El resultado es Milmanda, el vino: densidad fresca y ácida varietal que juega a una suerte de simbiosis alquímica con el paso por roble. Pan tostado, humo y café. Untuosidad y carnalidad a partes iguales para un chardonnay de espíritu borgoñón y alma mediterránea.


A medio camino entre el castillo de Milmanda y el monasterio de Poblet encontramos a las murallas que la orden del Císter erigió en el s.XV. Allí, más de treinta hectáreas dedicadas al cultivo de la vid de origen mediterráneo y fondo tradicional, como la robusta monastrell, la dulce garnacha, y las locales garró y samsó, se benefician de los suelos de pizarra, un micro clima único y un aire cargado de cultura e historia: la Finca Grans Muralles.

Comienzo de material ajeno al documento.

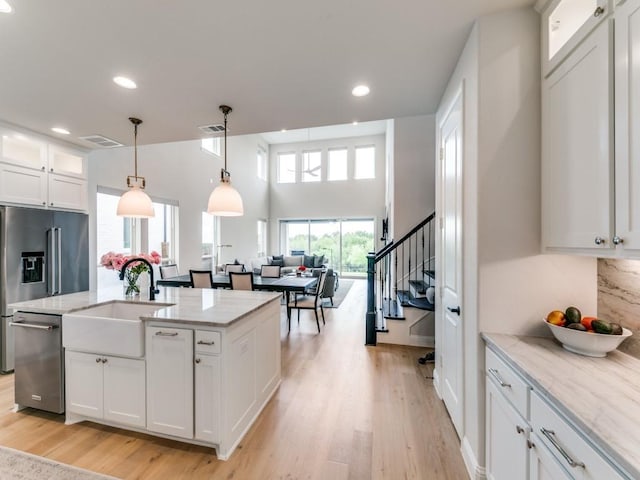 4837 Cumberland Cir, Carrollton, TX 75010 - kitchen with dishwasher, a sink, high end fridge, white cabinetry, and light wood-style flooring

Esta da nombre a uno de los emblemáticos de la bodega de la Familia Torres: Grans Muralles, el vino: complejidad cálida e intensa en nariz, exótica y especiada en un mundo de clavo y pimienta, laurel y tomillo. Sutiles notas de vainilla e incienso. Una intensa memoria nos devuelve recuerdos de varias vidas, como aferradas al inconsciente colectivo.


Cruce de culturas, vicisitudes bélicas y experiencia vinícola monacal trazan la hipnótica personalidad de este enclave; un lugar que encarna una conexión con el ayer y que nos enriquece como elaboradores y como personas, al hacer de ellos espacios comunes de conocimiento y encuentro. Una metáfora de la vertebración de una sociedad con su vestigio y legado. Lo antiguo y lo nuevo. La vida misma.